As Bharat Masrani watches deposits pile up in customer accounts at Toronto-Dominion Bank, he raises a pivotal question: How soon can some of that pent-up spending power be “unleashed” into North American economies?
TD’s chief executive has sounded cautiously optimistic about economic activity of late, pointing to pockets that have started to bounce back. Yet his own bank is tilting toward more pessimistic predictions for a protracted and uneven recovery from the pandemic, and he says the clock is ticking to recapture some of the lost spending that could help propel that rebound.
“The unknown here is, once we get past the pandemic, once the science catches up, a vaccine works, what level of spending might be unleashed on the economy,” Mr. Masrani said in an interview last week. “The longer it goes, the more difficult it becomes.”
That dynamic is a serious risk for TD, which is more reliant on retail banking than its Canadian peers. Although deposits are up, lower consumer spending has eaten into fees, demand for new loans has slowed, and rock-bottom interest rates have compressed lending margins.
In the latest fiscal quarter, TD’s retail banking profits improved from the previous three months, when the economic lockdowns were most severe. But profits fell 33 per cent in Canada and 48 per cent in the United States, where TD has a network of more than 1,200 branches, compared with earnings from the same period last year.
By contrast, retail deposits at TD were up 18 per cent in Canada and 24 per cent at the bank’s U.S. arm in the last fiscal quarter, and those swelling balances are a symptom of uncertainty about the way forward. As governments released an unprecedented flood of stimulus, spending hundreds of billions of dollars to stave off an economic calamity, customers have stashed away more of their spare cash. A crisis makes some people more keen to save, Mr. Masrani said, but also “there has not been an opportunity to spend.”

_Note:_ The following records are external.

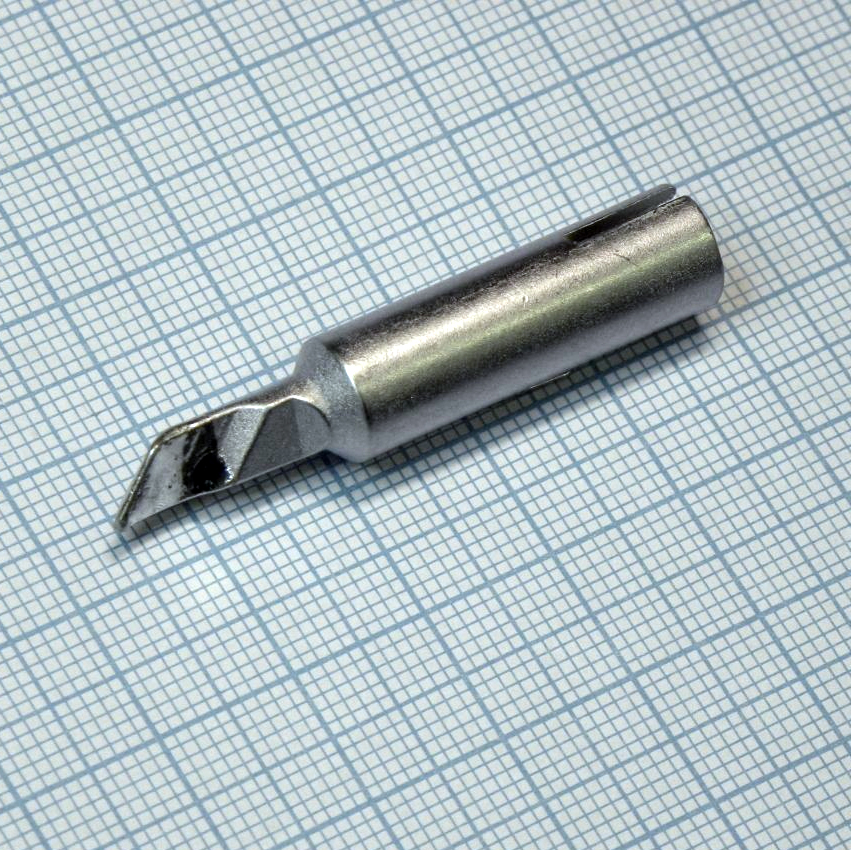 0832AD - Жало паяльное для паяльников ERSA BasicTool, ErgoTool, PowerTool, RT-80, MultiPro, MultiSprint, Multi-TC, PTC-70, ERSA 25+, ERSA 35+, ножевидное толщиной 1,5мм./скос 7.5мм. длина 45мм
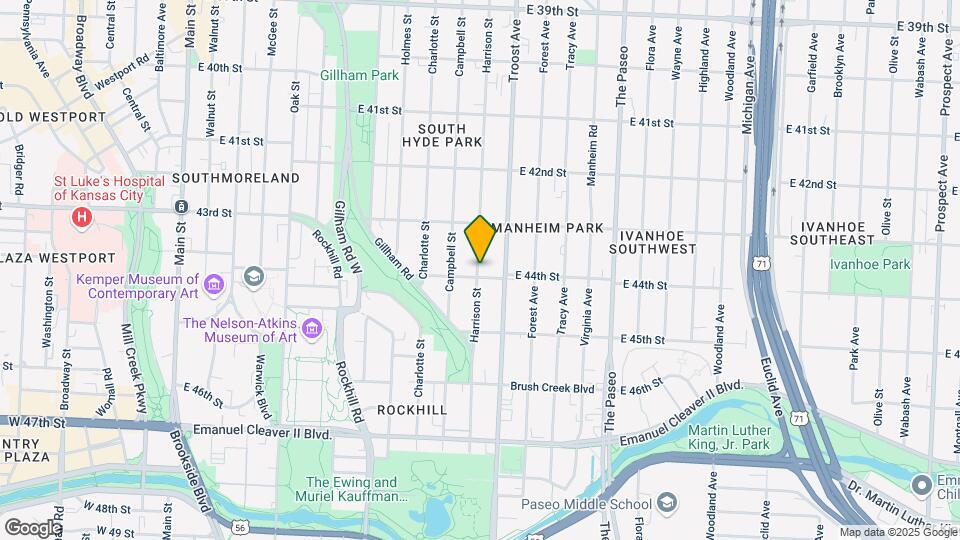 4345 Harrison St Map and Location Details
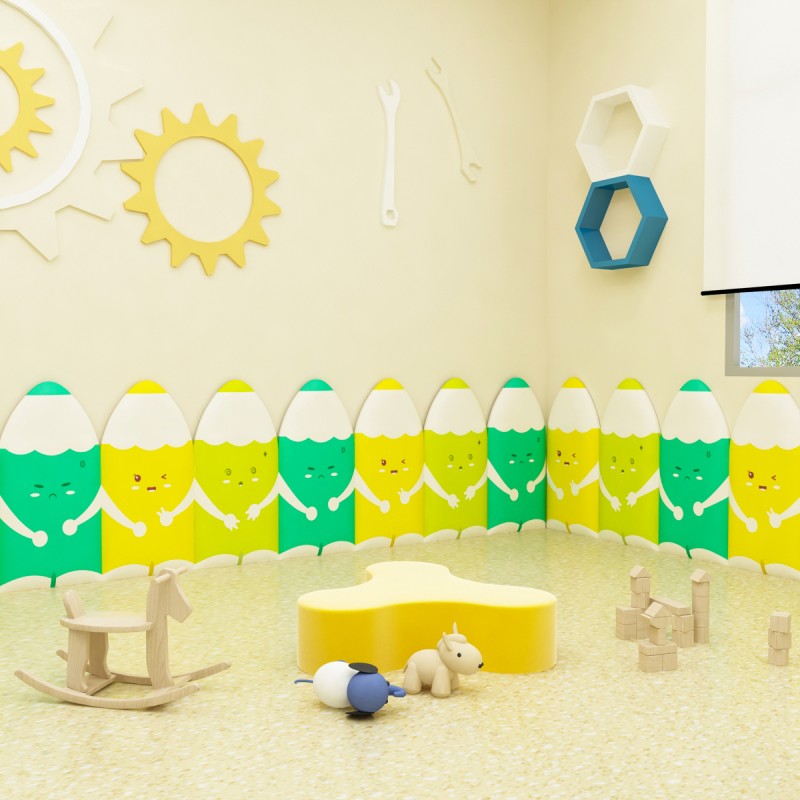 Safety Mat Factory - Odorless School Soft Wall Padding Mat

The pandemic made it difficult, even dangerous, to do something as simple as browse through a store and buy a shirt, he said. “Multiply that a gazillion times” and a bulge of unrealized economic activity builds, but the key question is how much of it has only been deferred and how much has been lost altogether.
Waves of stimulus “have cushioned the downdraft” on the economy, he said. As Canada and the U.S. have gradually loosened public-health restrictions, many businesses have reopened, some lost jobs have been restored, and cross-border trade has proven resilient despite some disruption to supply chains. In certain places, reopening plans moved too quickly and COVID-19 infections surged again – as happened in Florida, where TD has a large presence. “But generally I’d say the trend has been of reopening,” Mr. Masrani said. “I’ve not seen any jurisdiction actually say: We’re going to go backwards here.”
As relief programs expire, however, consumers who are still unemployed or underemployed may burn through their savings to keep up with household bills and basic needs rather than spending at restaurants, retail stores and tourist destinations – key sectors of economic activity that Mr. Masrani says are most at risk of getting left behind.
TD’s own recovery plan is an example of the progress and peril of reopening. The bank closed about 40 per cent of its Canadian branches early in the crisis, but Mr. Masrani expects all of them to be open again in the coming weeks. There are more people working in TD offices than there were three months ago, and about 4,000 staff have been redeployed to new roles. Yet, most are still working remotely and expect to continue doing so at least until next year, as bankers assess the risks of flocking back to densely packed office towers.
After leading the bank’s early response to the crisis from home, Mr. Masrani now works more often from his Toronto office. But the financial district it overlooks is still largely empty. And, like many people, Mr. Masrani has found the pandemic restrictions frustrating. “I can’t remember being in one city, continuously, for this long,” he said. “It’s crazy.”
The 33-year TD veteran is an experienced risk manager with a calm demeanour. He led the bank’s U.S. arm through the 2008 financial crisis, and he is pragmatic about the challenges ahead. He predicts TD will continue to attract new customers through the recovery by focusing on core products such as chequing accounts, which help forge lasting relationships that will pay off over time.
“I don’t think any bank out there would say: ’Oh, I love low interest rates where they are.’ But what we find is we’ve seen this before and we know how to operate in it,” he said. “Our belief has always been that growth actually overcomes all challenges. And I expect TD to continue to grow like we have for the past 165 years.”
The unknowns of the pandemic fight – just what it will take to beat back the virus – present a new kind of wild card, but Mr. Masrani said he sees encouraging signs that “the science is catching up.”
“It is easy to become pessimistic and say: ’Oh my God, what’s going on?’ But you can see the resilience of Canadians and Americans, and I feel good,” he said. “Every crisis is different, and in my life I’ve seen so many of them. But one thing I know for sure: Every one of them ends.”